-- Source information --
* * * * *
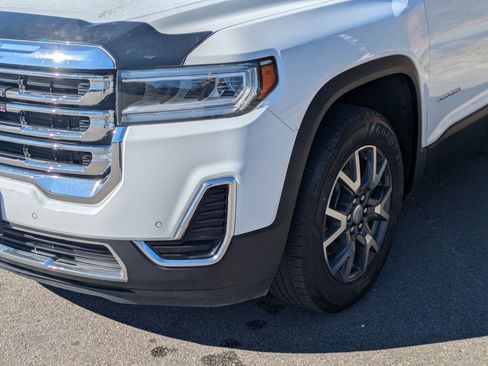 Used 2022 GMC Acadia SLE w/ Driver Convenience Package image 10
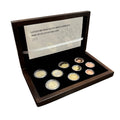 Euro-set letonia proof 2015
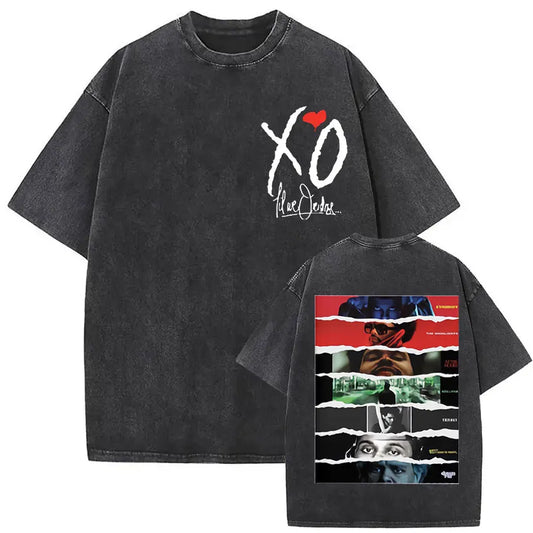 Camiseta XO White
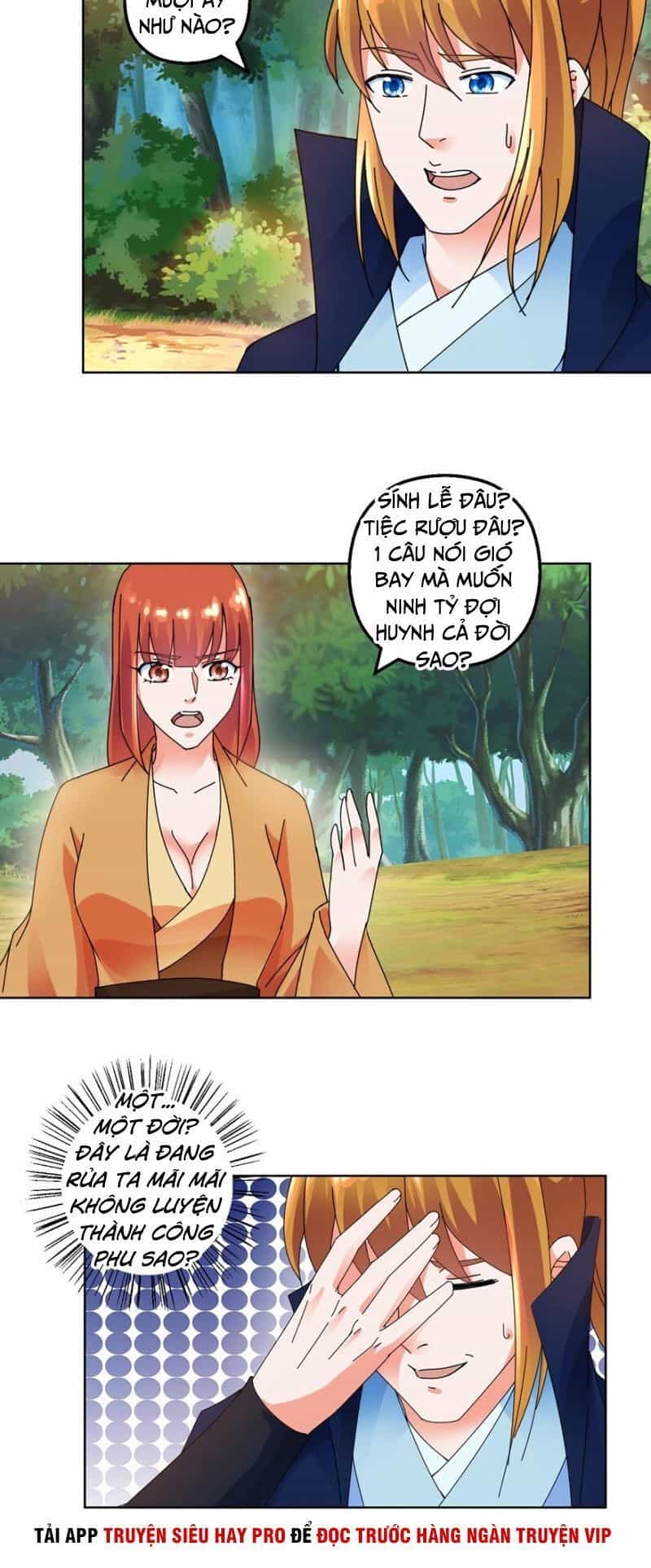 Sử Thượng Đệ Nhất Chưởng Môn - Chương 127 - ảnh 3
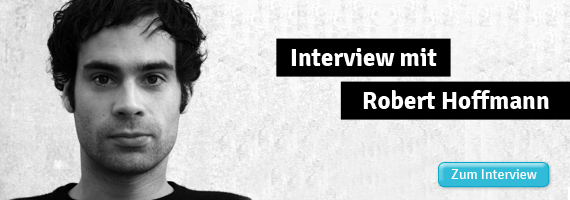 Interview mit Robert Hoffmann
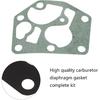 Carburetor3x Carburetor Diaphragm for Briggs and Stratton, Briggs and Stratton Carburettor Diaphragm Gasket 795083 495770 Carburetors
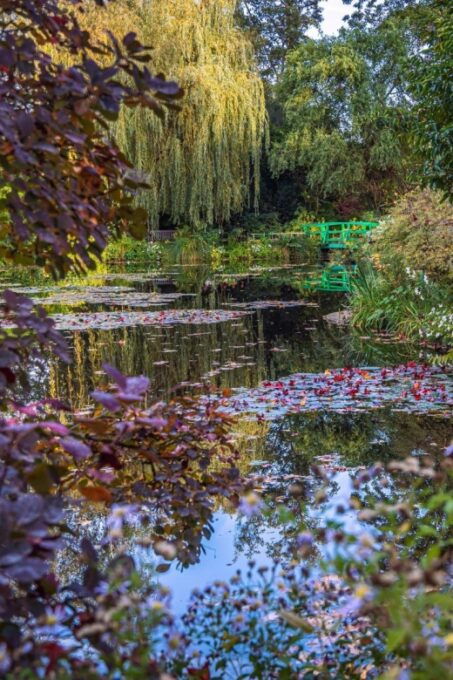 Paris: Transfer Giverny Village House Claude Monet 3 Pax - Common questions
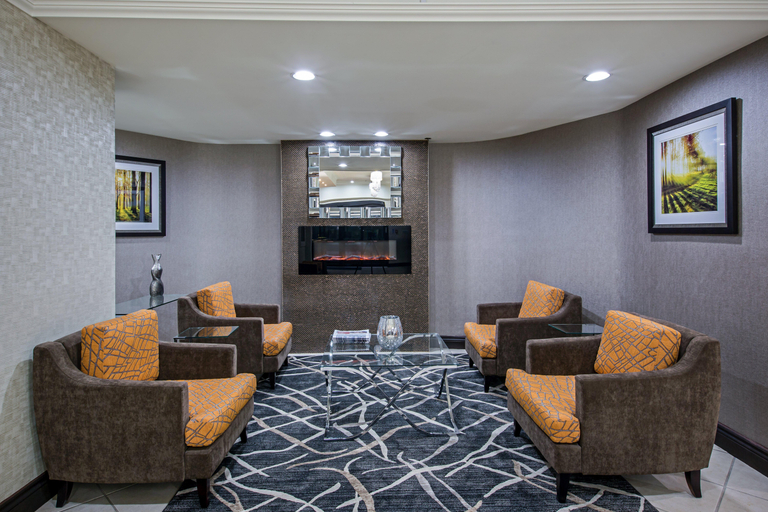 Public Area 2, Quality Inn & Suites Regina Downtown, Division No. 6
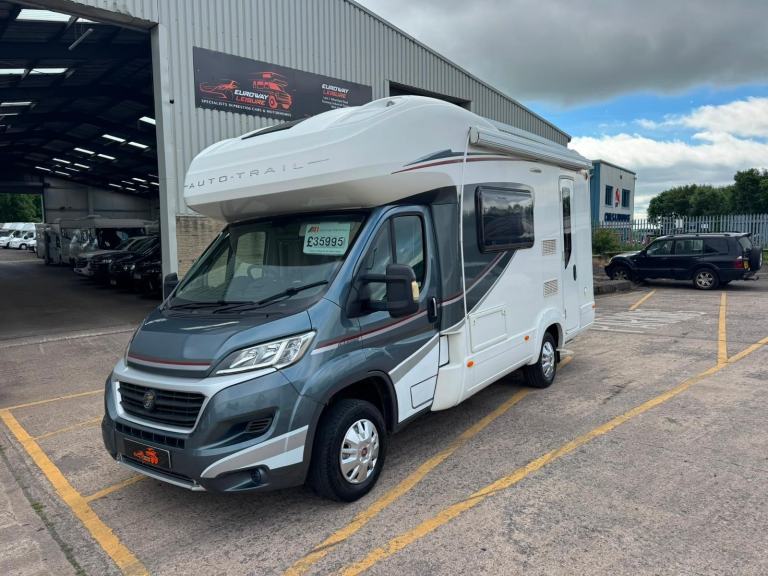 Fiat AUTO TRAIL IMALA 615 2 berth 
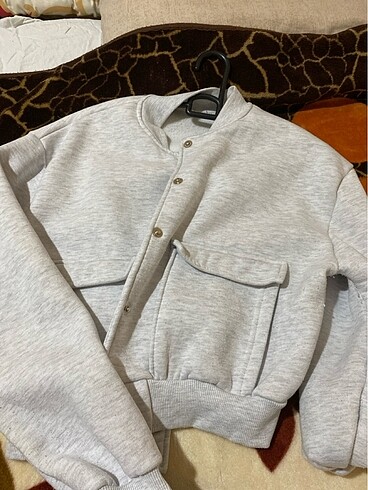 Bomber ceket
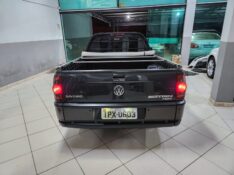 VOLKSWAGEN SAVEIRO TITAN 1.6 2009/2010 TS VEÍCULOS ANTA GORDA / Carros no Vale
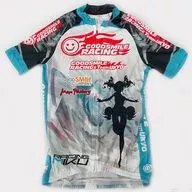 Racing Miku 2014 cycle jersey EDGE Ver. M size "VOCALOID"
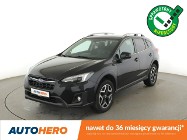 Subaru XV automat 4x4 klima auto full LED grzane fotele kamera cofania hak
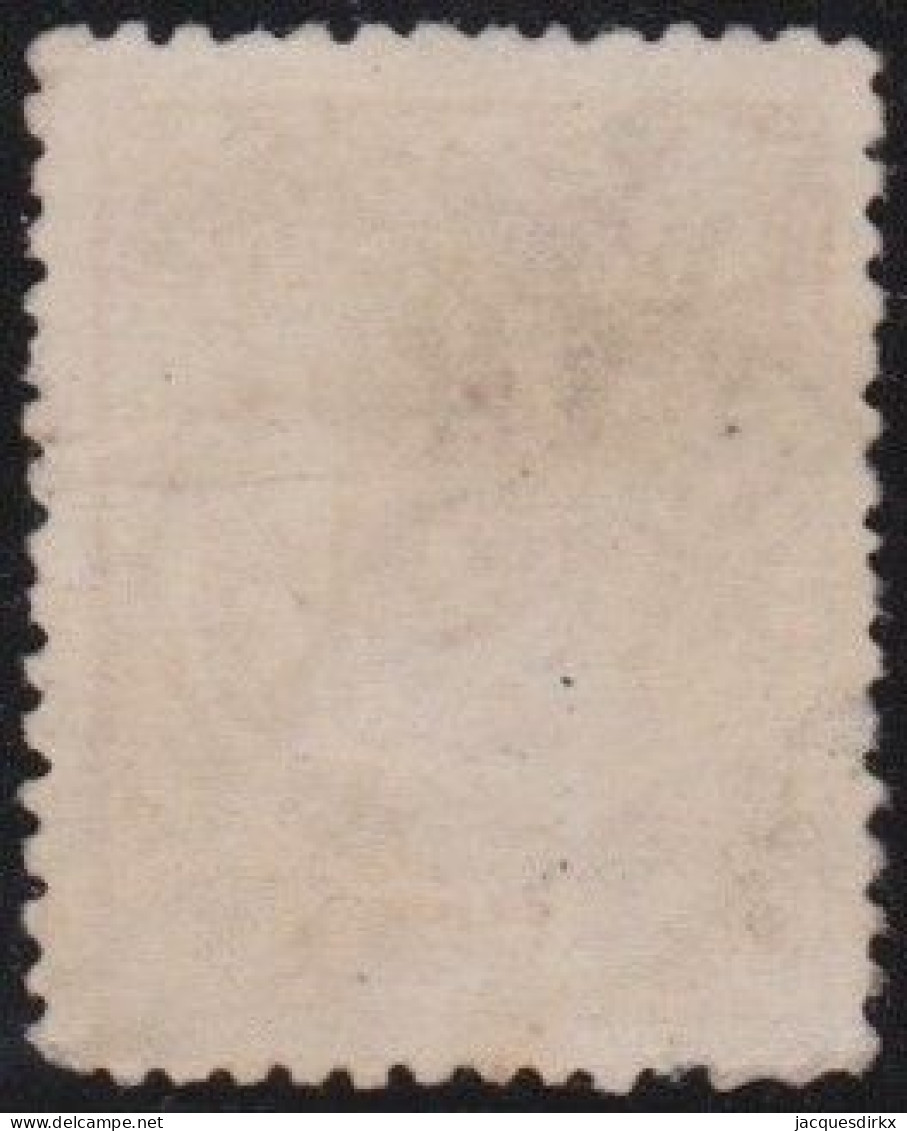 Nederland        .   NVPH     .   16  (2 Scans)      .   O  .   Gestempeld    .   /   .   Cancelled - Used Stamps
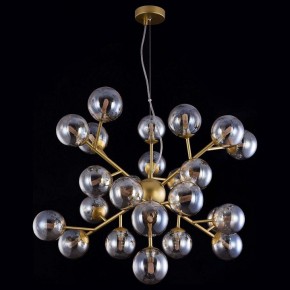 Подвесная люстра Maytoni Dallas MOD545PL-24G в Губкинском - gubkinskiy.mebel24.online | фото 3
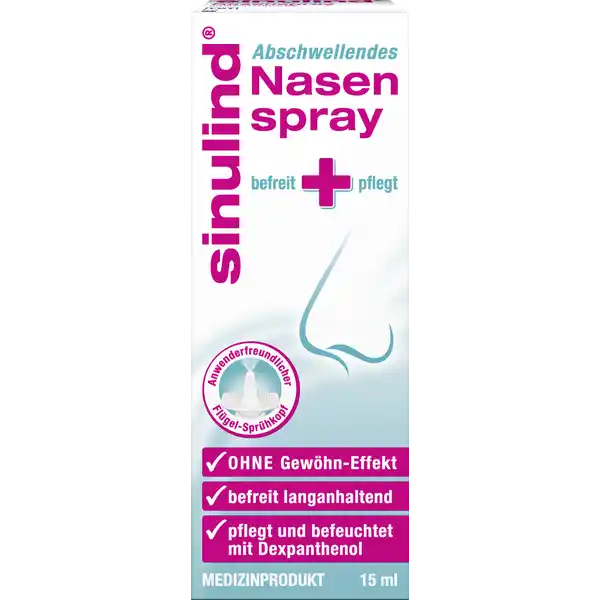 بخاخ الأنف مزيل للاحتقان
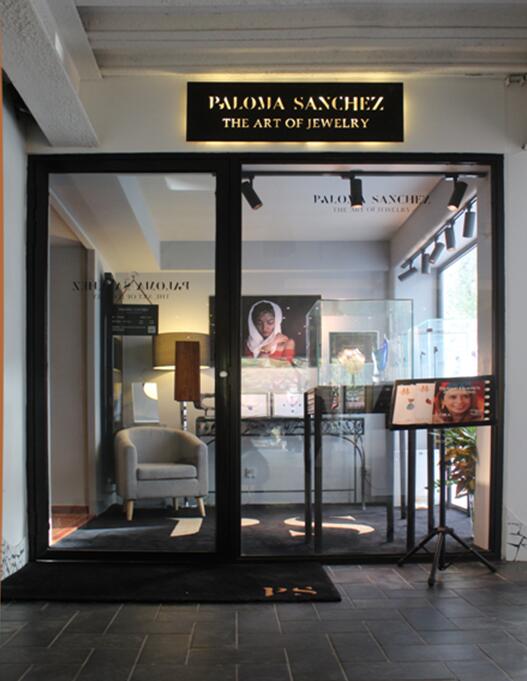 Paloma Sanchez ߼錚ˇ?yn)ٴΘsǡ·ǳָϡ
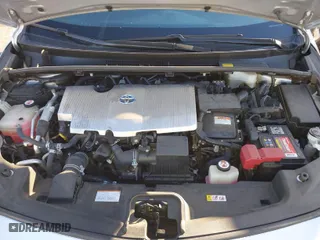 2018 Toyota Prius Prime Plus with VIN JTDKARFP0J3090863, listed as a IAAI auction lot 40789626 with 51,391 mi miles. Bid and sale history available at carsss.com. Image 10.
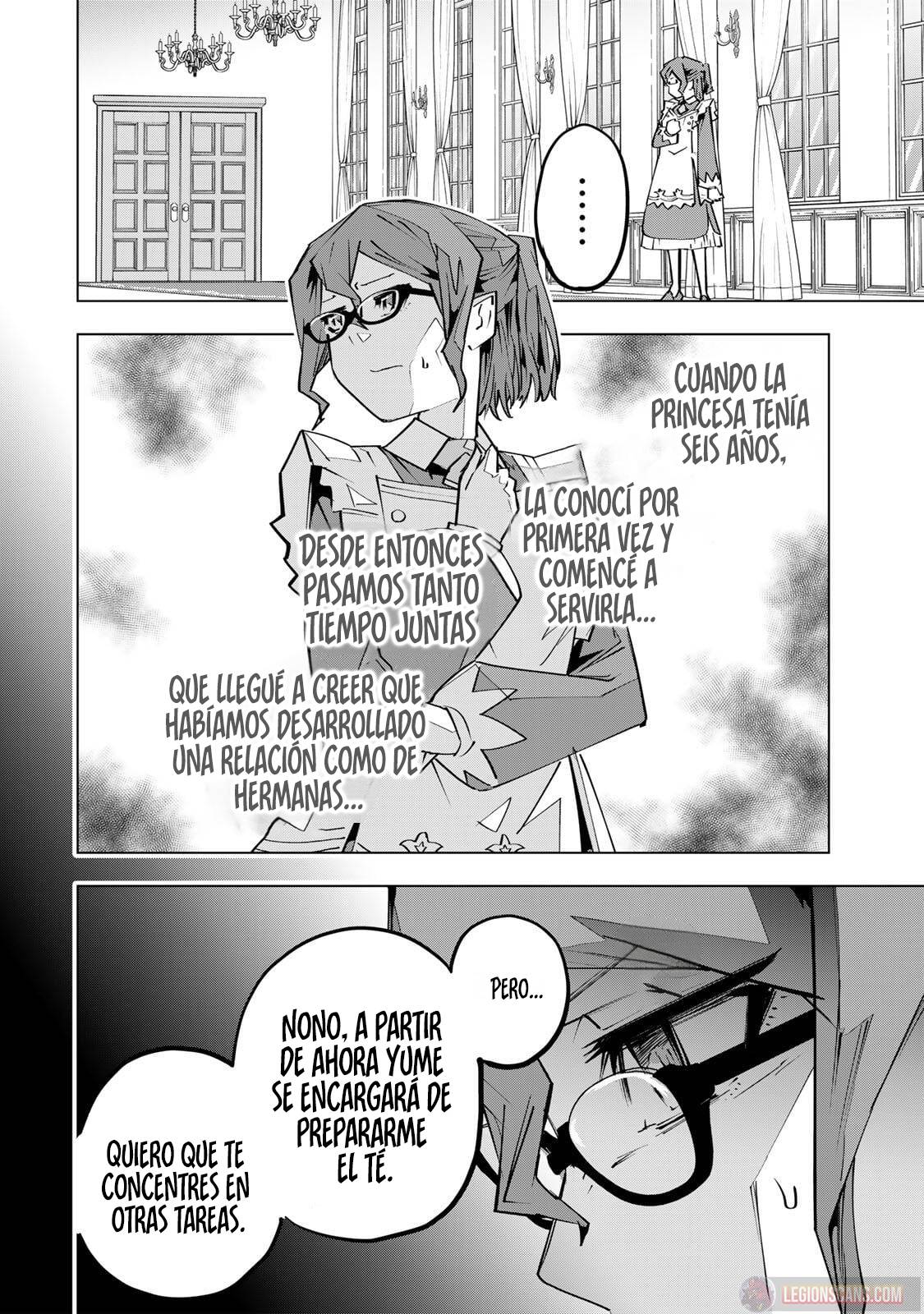 Read My Gift Lvl 9999 Unlimited Gacha ES Manga Online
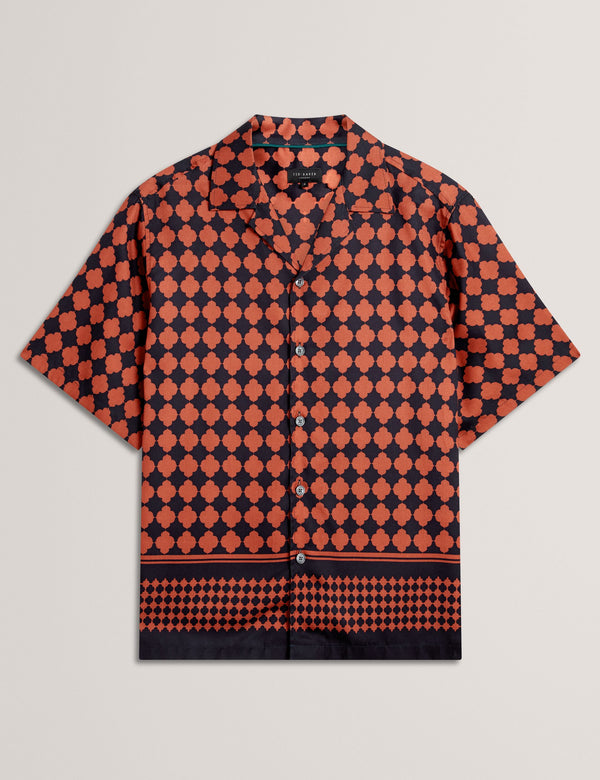JIRAHU | BURNT RED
* * * * *
-- Exercise aim --
Extract the run of lines from the line holding "2018 Toyota Prius" through the final line of the material above, exactly and inclusively. Leave the pictures behind.

-- Answer to this problem --
 2018 Toyota Prius Prime Plus with VIN JTDKARFP0J3090863, listed as a IAAI auction lot 40789626 with 51,391 mi miles. Bid and sale history available at carsss.com. Image 10.
 Read My Gift Lvl 9999 Unlimited Gacha ES Manga Online
JIRAHU | BURNT RED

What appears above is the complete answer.